5. Red Right 88
All you had to do was kick a field goal. In 1981, with a berth in the AFC Championship on the line, the Browns trailed the Raiders 14-12 and a field goal would end the game. Head coach Sam Rutigliano didn’t have any faith in his kicker, so he went for the touchdown. The play called was “Red Right 88,” and quarterback Brian Sipe as told to throw the ball away if no one was open in the end zone. When the time came about though, Sipe threw the ball up and Oakland intercepted, as Cleveland’s back luck in 80’s playoff games officially began.
4. Tim Couch
Tim Couch was the beginning of the end for the Browns’ return to Cleveland. The Browns took him out of Kentucky with the first overall pick in the 1999 NFL Draft. Hopes were high for the record-setting signal caller from the Bluegrass State, but it just wasn’t meant to be. Over his career, Couch would throw more interceptions (67) than touchdowns (64), and would finish with a career record of 22-37. From that point on, the team would never be the same as the losing culture began to reach the point where they currently stand.
3. The Drive
Up 20-13 in the 1987 AFC Championship, it looked as if the Browns were on their way to their first ever Super Bowl appearance. Only 5:32 remained, and the Denver Broncos were on their own two-yard line as it seemed like the Browns would emerge victorious. But, as all good Cleveland sports stories go, the Browns found a way to blow the game. Elway led Denver on a 98-yard drive to tie the game with 39 seconds left. The Broncos would then win in overtime, as part of their four-straight AFC Championship wins over Cleveland.
2. The Fumble
All he had to do was hold onto the ball. The Browns were down by five with a little over a minute left in the fourth quarter in the AFC Championship in 1988. They were trying to avenge a loss in the same game, to the same team (the Denver Broncos), a year earlier. With the ball in the red zone, Earnest Byner received the ball and looked to be taking the ball to pay dirt, but was stripped at about the one-yard line, just before pay dirt. Denver recovered and would win the game. To me this is worse than The Drive. The Drive was just an incredible series by Elway. The Fumble was just a horrible event set up by horrible ball handling by Byner.

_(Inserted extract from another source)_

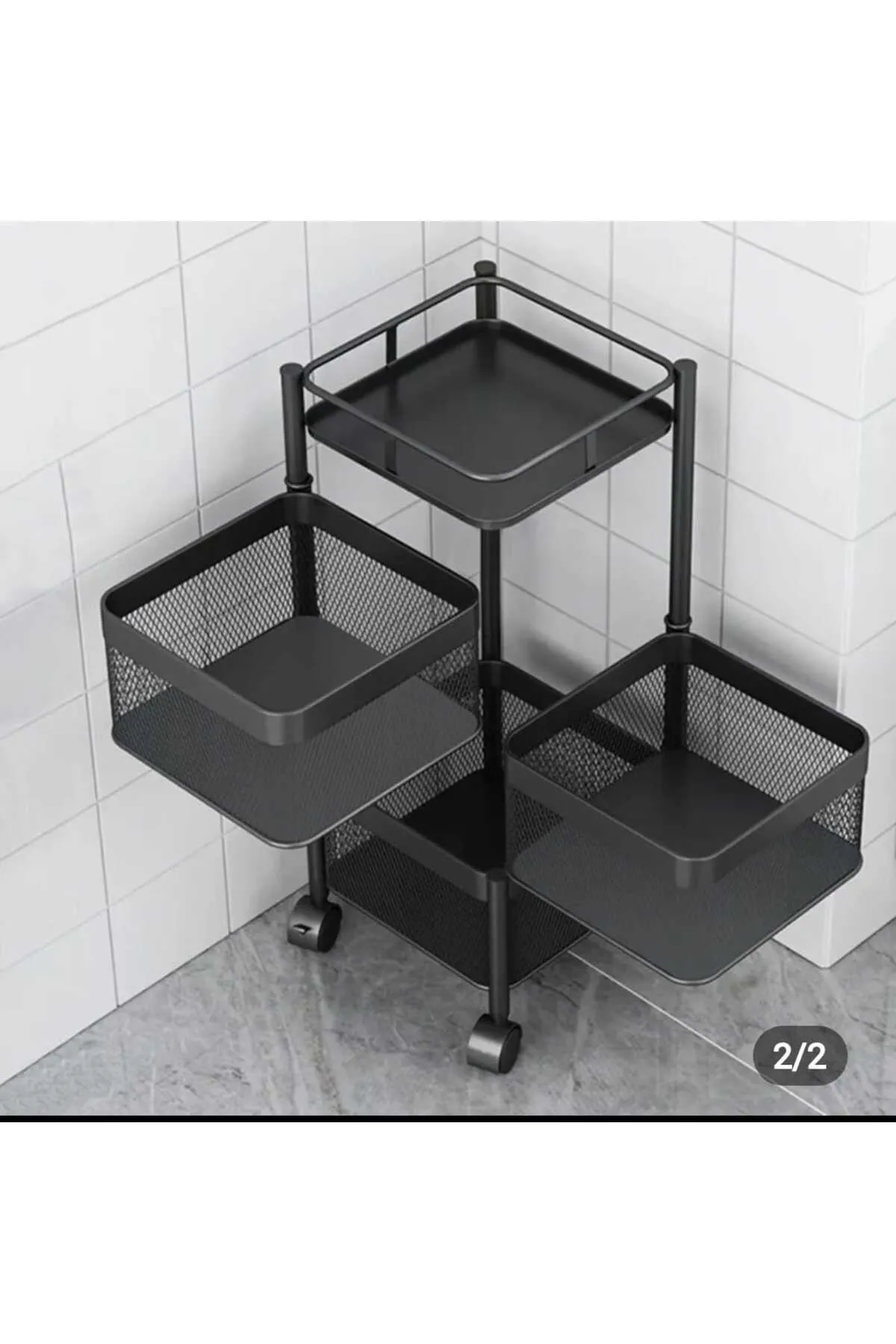 TRENDESK 3 Katlı Metal Siyah Patates Soğan Sebze Meyve Sepeti Sebzelik Tekerlekli 1019-CN görsel 2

1. Art Modell Moving the Franchise to Baltimore
This move transformed the franchise from one that had a competitive history and a proud tradition, to one that would never seem to recover and would turn into the laughing stock of the league. On November 6, 1995, Modell made the decision to move the Browns to the city of Baltimore, and became the Ravens. It was a shock to Browns fans and it was just so unnecessary. The team did return in ’99, but was never the same, with only one playoff appearance and zero playoff wins since the original move. It also doesn’t help that Baltimore has since won two Super Bowls.